The pictures in the data below are to be omitted; all else must be duplicated exactly.

### DATA EXTRACT

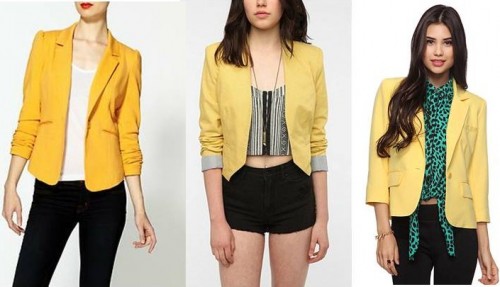 Yellow Blazers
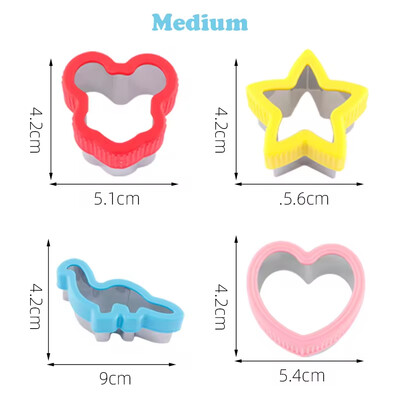 Szendvicsvágó készlet gyerekeknek Állati dinoszaurusz rozsdamentes acél kenyérforma fém formák süteményvágók kekszforma konyhai eszközök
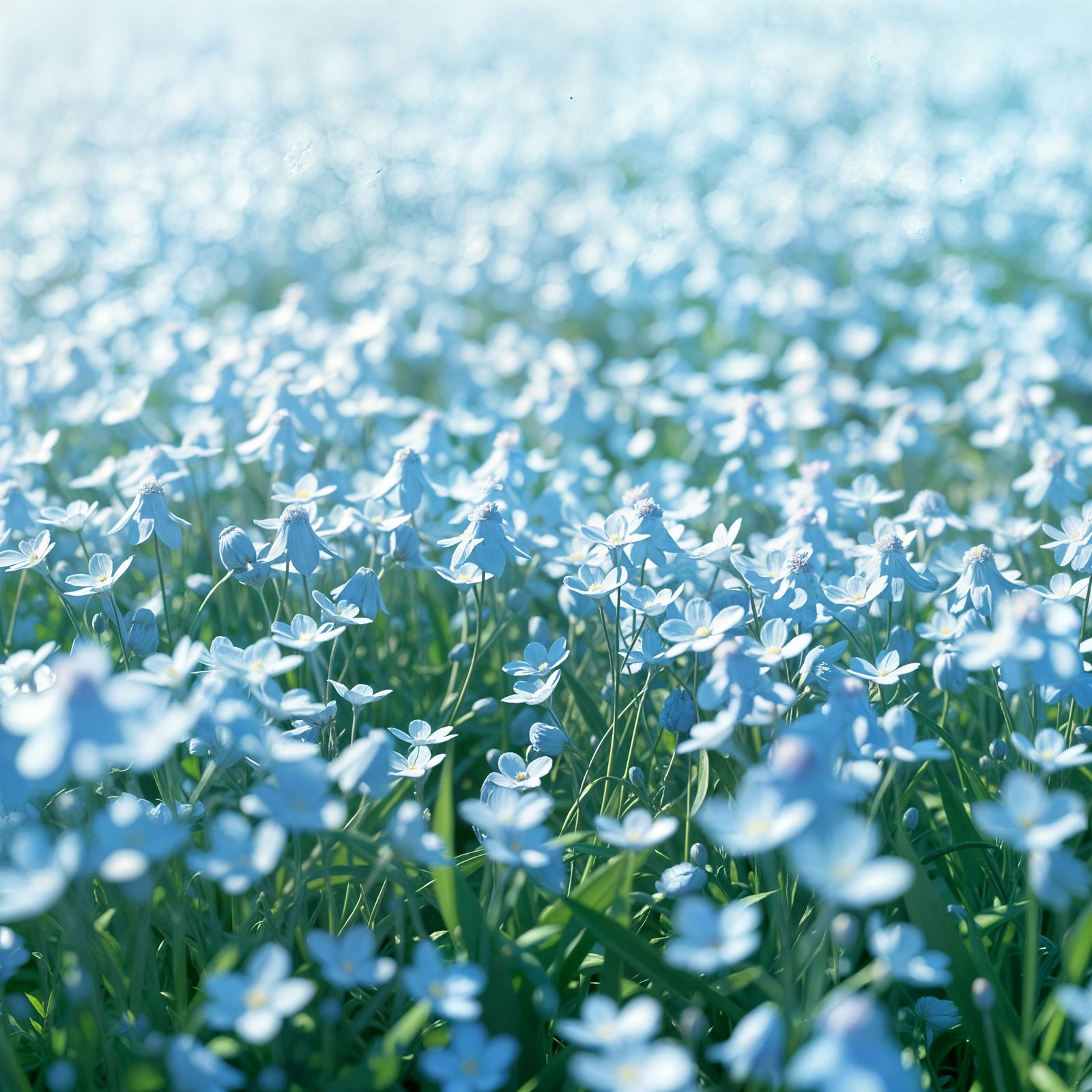 Breathtaking Blue Floral Scenery in 8K Resolution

######

• [EXERCISE ANSWER]
 Yellow Blazers
 Szendvicsvágó készlet gyerekeknek Állati dinoszaurusz rozsdamentes acél kenyérforma fém formák süteményvágók kekszforma konyhai eszközök
 Breathtaking Blue Floral Scenery in 8K Resolution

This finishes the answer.